After the Soviet liberation of Theresienstadt in 1945, she and Raphael returned to Prague, and in March 1949 emigrated to Israel, to be reunited with some of her surviving family, including her twin sister, Mariana. Herz lived in Israel for almost 40 years, working as a music teacher at the Jerusalem Academy of Music, until emigrating to London in 1986.

In London Herz-Sommer lived close to her family in a one-room flat in Belsize Park, visited almost daily by her closest friends, her grandson Ariel Sommer, and daughter-in-law Genevieve Sommer. She practised playing the piano three hours a day until the end of her life. She stated that optimism was the key to her life:I look at the good. When you are relaxed, your body is always relaxed. When you are pessimistic, your body behaves in an unnatural way. It is up to us whether we look at the good or the bad. When you are nice to others, they are nice to you. When you give, you receive.She also declared a firm belief in the power of music: "Music saved my life and music saves me still... I am Jewish, but Beethoven is my religion."

Her son Raphael, an accomplished cellist and conductor, died in 2001, aged 64, of an aneurysm in Israel at the end of a concert tour. He was survived by his wife and two sons.

Alice Herz-Sommer died in hospital in London on 23 February 2014, aged 110, after being admitted two days previously. Her death was confirmed by her grandson, Ariel Sommer. She is buried at the St Pancras and Islington Cemetery in East Finchley, north London.

Throughout her long life, Alice Herz-Sommer continuously proclaimed:I am still grateful for life. Life is a present.

==Media==

A Century of Wisdom: Lessons From the Life of Alice Herz-Sommer the World's Oldest Living Holocaust Survivor (2012), with an introduction by President Václav Havel, was written about her life and translated in 26 countries. Herz-Sommer was the subject of A Garden of Eden in Hell, first published in German in 2005 (reprinted in English as Alice's Piano).

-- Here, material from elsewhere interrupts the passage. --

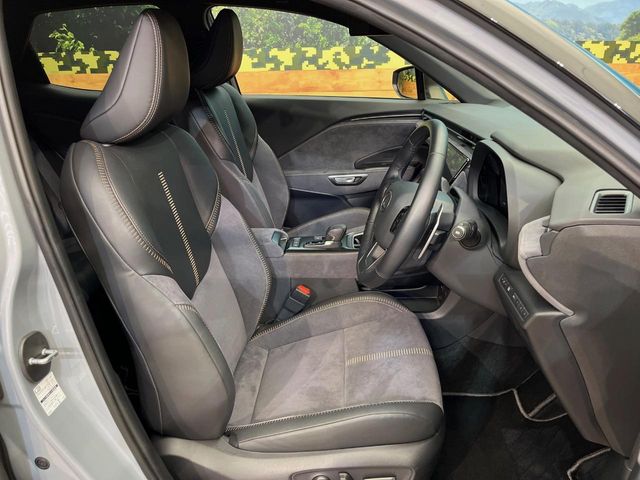 Lexus LBX 10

The BBC TV documentary Alice Sommer Herz at 106: Everything Is a Present, written and produced by Christopher Nupen, was first broadcast on BBC Four. She was featured on BBC Radio 4's Woman's Hour in 2004 and in The Times, and The Guardian. She was one of two subjects featured in the film Refuge in Music.

The Lady in Number 6, filmed when Herz was 109, documents her life and won an Academy Award for Best Short Documentary.

The song "Dancing Under the Gallows", by Chris While and Julie Matthews, from their 2014 album Who We Are, celebrates the life of Alice Herz-Sommer.